Issuing Identity Tokens with OIDC:

• OpenID Connect (OIDC) adds an identity layer to OAuth 2, addressing authentication and user profile information. OIDC introduces an identity provider, enabling multiple clients to leverage the same authentication service.

Token Validation:

• Tokens must be validated for authenticity before granting access to microservices. Reference tokens introspect at the authorization server, while structured tokens involve complex validation based on JSON object signing and encryption specifications (JOSE).

Token Maintenance and Protection:

• Tokens have a lifecycle with optional maintenance activities before expiration. Best practices include short-lived access tokens, secure handling of refresh tokens, and protection against compromise. Token revocation is challenging but necessary in cases of compromise or when access needs to be terminated.

Security between Microservices

Zero Trust Microservices:

• Enforce a zero-trust architecture where microservices validate the identity of calling parties, adhering to the concept of defense in depth.
• Do not trust network segments; establish trust boundaries at the microservice level.

Mutual TLS (mTLS) for Secure Communication:

• Implement Mutual TLS as a common and effective approach to secure microservices communication.
• Utilize digital certificates to authenticate both parties, ensuring secure and verified interactions.

Certificates Management Challenges:

• Address challenges in managing and provisioning certificates, especially in ephemeral container environments.
• Leverage automation, container orchestrators, and service meshes for efficient certificate handling.

Securing Internal API Gateway Communication:

• Extend Mutual TLS to secure communication between microservices and the API gateway.
• API gateway serves as an additional layer of defense, requiring trusted digital certificates for secure communication.

East to West Traffic Security:

• Prioritize security concerns related to internal traffic within the microservices architecture (east to west).
• Implement depth in defense by ensuring microservices verify identities and maintain information integrity in internal communication.

Comprehensive Monitoring and Logging:

• Establish robust monitoring and logging practices for microservices, enhancing visibility into system activities.
• Use correlation IDs for tracing events across distributed microservices, aiding in security inquiries and incident response.

Centralized Logging and Automated Monitoring:

• Centralize logs for microservices in a common location for easy analysis and monitoring.
• Implement automated monitoring to identify and alert on suspicious behavior, focusing on issues like failed mutual TLS and potential attacks.

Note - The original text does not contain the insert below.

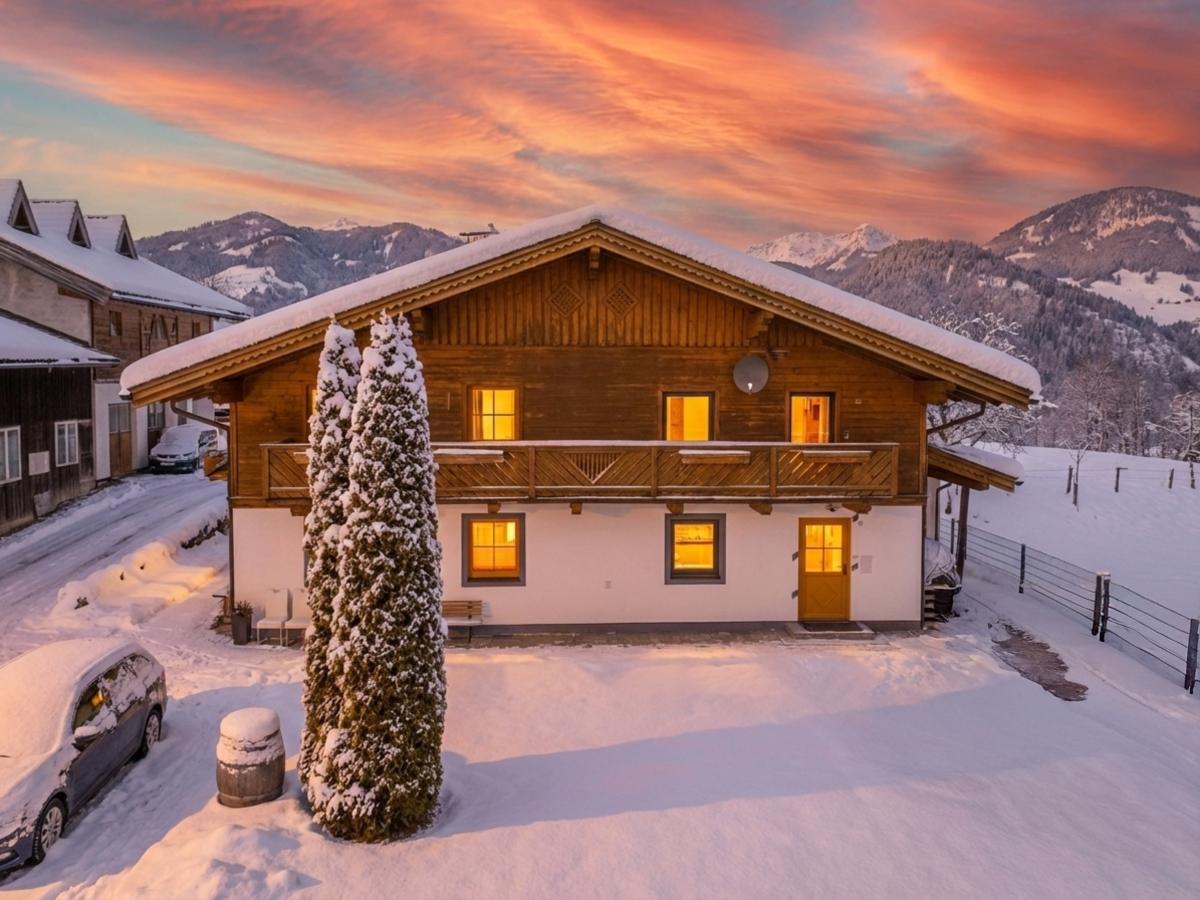 Exterior Winter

Throttling and Rate Limiting:

• Apply throttling and rate limiting strategies to control API usage and prevent system overload.
• Use quotas and rate limits per client or API operation to ensure fair resource distribution and prevent abuse.

Observability and Tracing:

• Enhance observability through standardized logging structures across microservices.
• Utilize tracing with correlation IDs to aggregate system activities into meaningful events for improved security analysis.

In summary, a holistic approach to microservices security, spanning identity, communication, access controls, runtime, and continuous monitoring, is crucial for a resilient and secure microservices architecture.